I've got a node struct

struct Node{CString text, int id;};

in a sorted vector.

I'm wondering if there's a function in algorithm that will do a binary search of the vector and find an element.

+4  A: 

Yes, there's a function called "binary_search" std::binary_search

You give it first, last and a value or a predicate.

See here for a sample

Combine that with Martin York's operator== and you should be OK (alternatively you can write a predicate functor

Binary Worrier
Actually for binary search, you need an operator<, not operator==
David Norman
Johannes Schaub - litb
Also note it does not find the element.It just test for existance.
Martin York
huh that's weird. why does it do that?
Johannes Schaub - litb
might be there multiple times. You can use lower_bound and upper_bound to find where.
tgamblin
oh i see. thanks
Johannes Schaub - litb
+18  A: 

std::binary_search() will tell you if a value exists in the container.

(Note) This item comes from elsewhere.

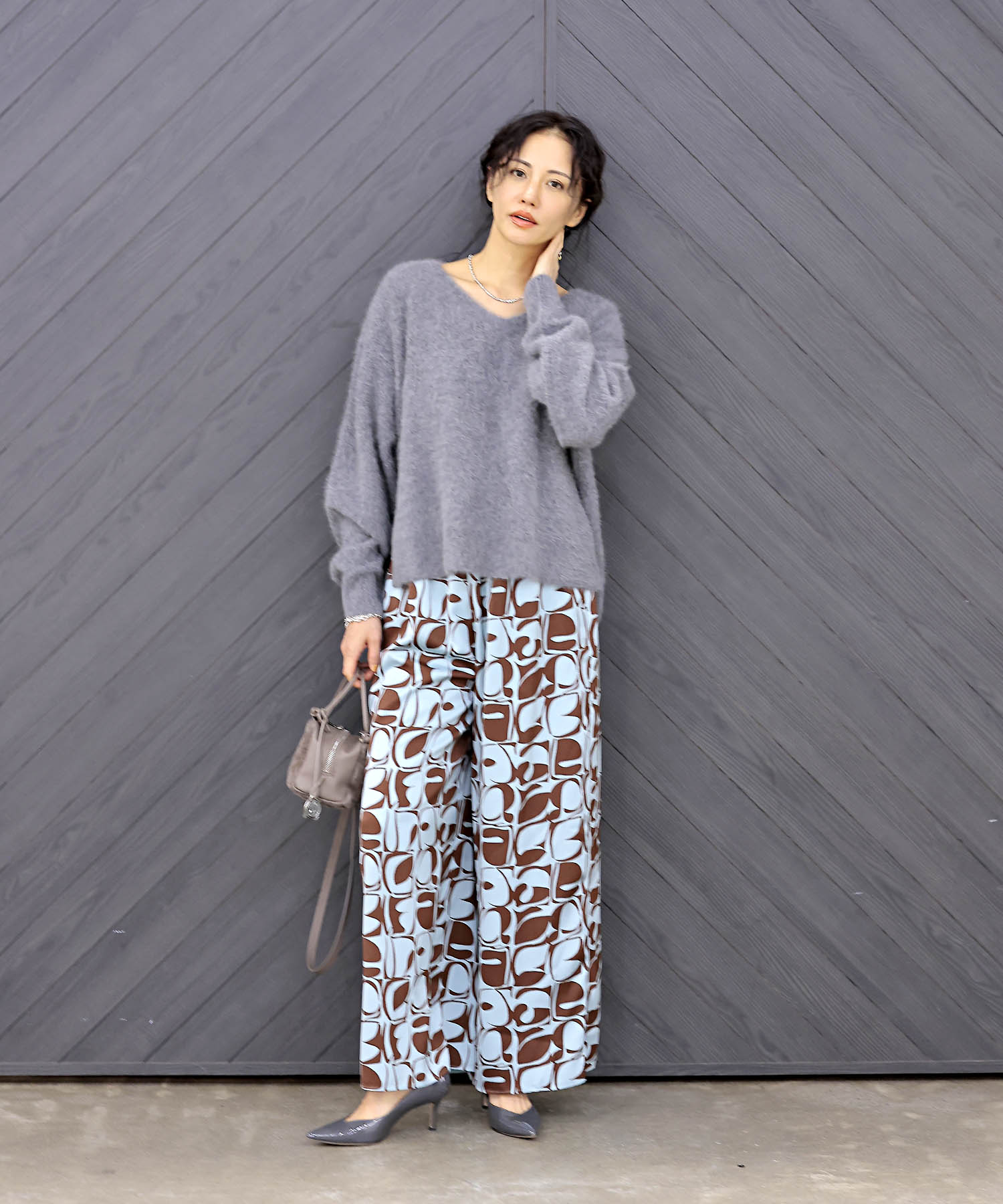 【8月28日予約販売】フォックスカシミヤ Vネックプルオーバー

std::lower_bound()/std::upper_bound() will return an iterator to the first/last occurrence of a value.

Your objects need to implement operator< for these algorithms to work.

Ferruccio
or you need to use the other overload for `binary_search` and provide a comparator at the 4th parameter. This needs to be the same comparator you used to sort with.
KitsuneYMG
+1  A: 

Rather than a sorted vector<Node>
Why not use a map. This is a sorted container. So any search done on this via std::find() automatically has the same properties as a binary search.

Martin York
If your data is stable (no ongoing additions/deletions), it is more memory efficient to use the vector. If you need to interact with other parts of the system that expect a vector. Or you need to access the data by index. Or the data is accessed in a tight loop, where memory locality is important.
KeithB
"A sorted vector lets you iterate through the contents in order.": So does a map. (for (std::map<int>::iterator i = map.begin(); i != map.end(); ++i) ...)
Max Lybbert
a map also does't deal as smoothly with multiple instances of the key.
baash05
It lets you iterate in order of key. A closer analogy to a sorted vector is std::multiset.